The Provincial Court of Badajoz has sentenced David Sánchez to nine years of special disqualification from public employment or office and from exercising the right to passive suffrage as a necessary cooperator in a crime of administrative prevarication.
The sentence, however, is not final; an appeal can be filed against it before the Civil and Criminal Chamber of the High Court of Justice of Extremadura within 10 days.
In the opinion of the lawyer who signs this article, the sentence presents various aspects that may constitute the arguments for challenge by the defense:
One of the most relevant elements of the sentence is that David Sánchez is not convicted for having issued an administrative resolution, something impossible given that he did not hold the status of authority or public official.
The conviction is based on a different thesis: that he necessarily cooperated in the modification of the job position he subsequently occupied.
According to the Provincial Court, David Sánchez submitted the application to opt for the position, participated in the selective procedure, and subsequently requested and consented to the modification of the name and characteristics of the position, consciously benefiting from an administrative action designed to adapt the position to his professional interests.
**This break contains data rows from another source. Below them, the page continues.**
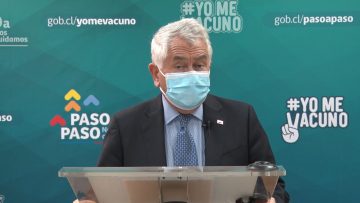 160221-06 ministro de Salud, Enrique Paris 03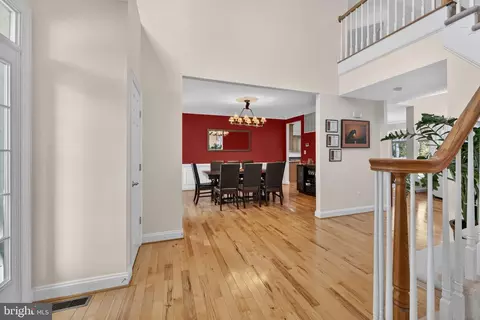 Entry Way - 42758 Glenside Dr, Brambleton, VA 20148 photo 3 of 28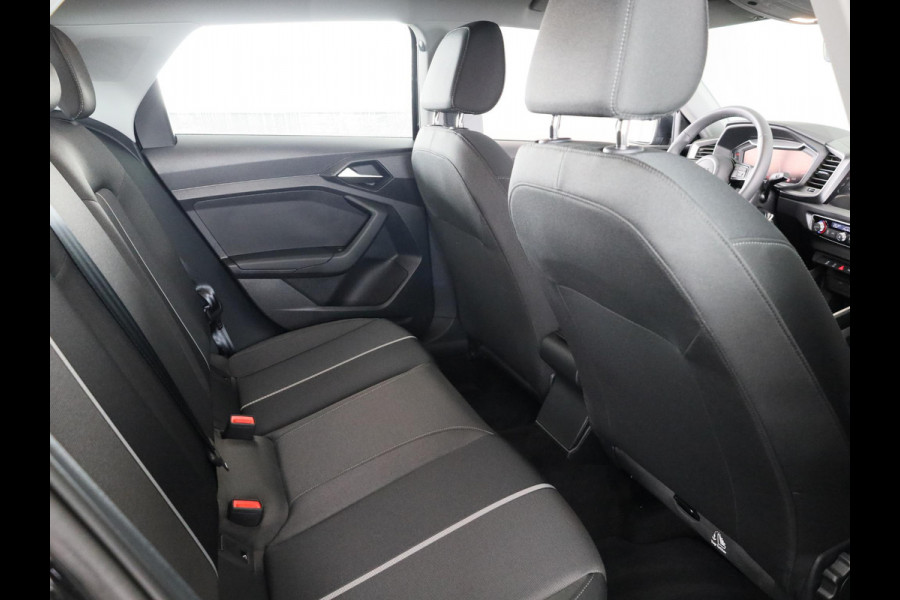 Audi A1 Sportback 25 TFSI S edition 95pk | Parkeerhulp plus | Automatische airco | Navigatie via App | 17 inch lichtmetalen velgen | Dak in contrast kleur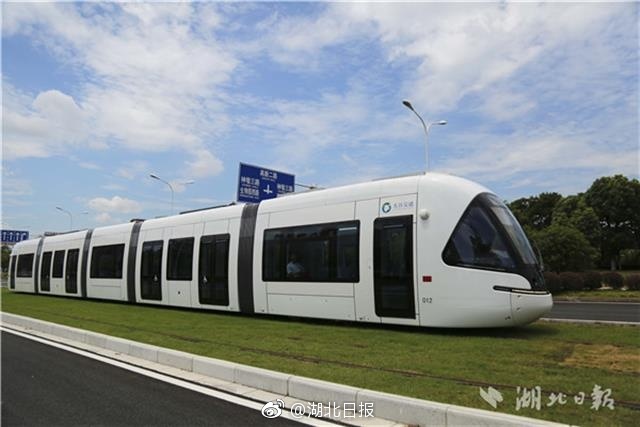 光谷有軌電車最新進(jìn)展，電車上的家庭溫馨之旅與友情交織的旅程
Precisely this legal construction will foreseeably be one of the main fronts of the appeal.
Was there really necessary cooperation? The jurisprudence of the Supreme Court requires that the necessary cooperator make an indispensable or essential contribution to the commission of the crime. It is not enough to benefit from an illicit act or to know of its existence; it is necessary to prove an intervention without which the crime could not have been committed.
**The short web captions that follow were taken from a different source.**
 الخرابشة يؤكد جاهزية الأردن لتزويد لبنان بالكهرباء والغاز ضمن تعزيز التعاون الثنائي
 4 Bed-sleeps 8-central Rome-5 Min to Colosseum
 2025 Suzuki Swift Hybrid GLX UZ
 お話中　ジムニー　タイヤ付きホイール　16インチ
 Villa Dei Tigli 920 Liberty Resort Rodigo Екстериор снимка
In this case, several legal objections can be raised.
Firstly, applying for a public call and providing the required documentation constitutes an action typical of any applicant, but it can hardly be identified with the control of the administrative procedure or with the adoption of decisions that were subsequently considered arbitrary.
Secondly, the control of the administrative file never corresponded to David Sánchez. Decisions regarding the modification of the position, its processing, and its approval depended exclusively on the competent bodies of the Provincial Council. In fact, the sentence itself DOES NOT declare proven "that specific person or persons exerted pressure or influence on the first-named defendants, taking advantage of the exercise of the powers of an office or any other situation derived from a personal or hierarchical relationship with them."
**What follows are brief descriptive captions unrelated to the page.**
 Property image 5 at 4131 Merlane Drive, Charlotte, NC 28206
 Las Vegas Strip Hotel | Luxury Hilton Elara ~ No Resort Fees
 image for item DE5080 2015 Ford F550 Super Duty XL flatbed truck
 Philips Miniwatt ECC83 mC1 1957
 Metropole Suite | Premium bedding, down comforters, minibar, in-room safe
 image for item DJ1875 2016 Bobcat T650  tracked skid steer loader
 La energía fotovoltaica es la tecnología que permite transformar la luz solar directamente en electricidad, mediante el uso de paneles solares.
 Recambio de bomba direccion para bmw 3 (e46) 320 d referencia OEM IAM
Another aspect subject to review is the motivation of the sentence.
The resolution considers necessary cooperation proven, but does not specify what exactly David Sánchez's action was that proved essential for the commission of the crime.
And that question is not minor.
The modification of the job position was a decision that depended entirely on the Administration. From the perspective of the evidence presented, it does not seem that the call or the subsequent transformation of the position required any specific action on the part of David Sánchez.
Therefore, it can be argued that the sentence confuses the benefit obtained with criminally relevant participation, when Criminal Law requires something more than the simple exploitation of an illicit act carried out by third parties.
Perhaps one of the most interesting legal arguments of the eventual appeal is found in the very structure of the sentence.
The Court expressly declares that the facts corresponding to the so-called "Block A" (the initial creation of the position, the alleged design of the procedure to favor the accused, prior knowledge of the process, or the benefit obtained from the origin) are time-barred. However, although the formal conviction refers only to the modification of the position, a large part of the incriminating narrative rests precisely on those facts already time-barred.
It should be remembered that this is not a final judgment.
The appeal before the High Court of Justice will allow for a review of both the assessment of the evidence carried out by the Provincial Court and the sufficiency of the motivation regarding the existence of necessary cooperation.
It will be precisely in that phase where essential questions must be analyzed, such as the true extent of David Sánchez's attributed participation, the sufficiency of the evidence presented, and the impact that the facts declared prescribed may have on the construction of the conviction.
We will have to wait for the appeal to unfold to see if the High Court shares the interpretation made by the Provincial Court or, on the contrary, considers that there are sufficient doubts to revoke the conviction and issue an acquittal.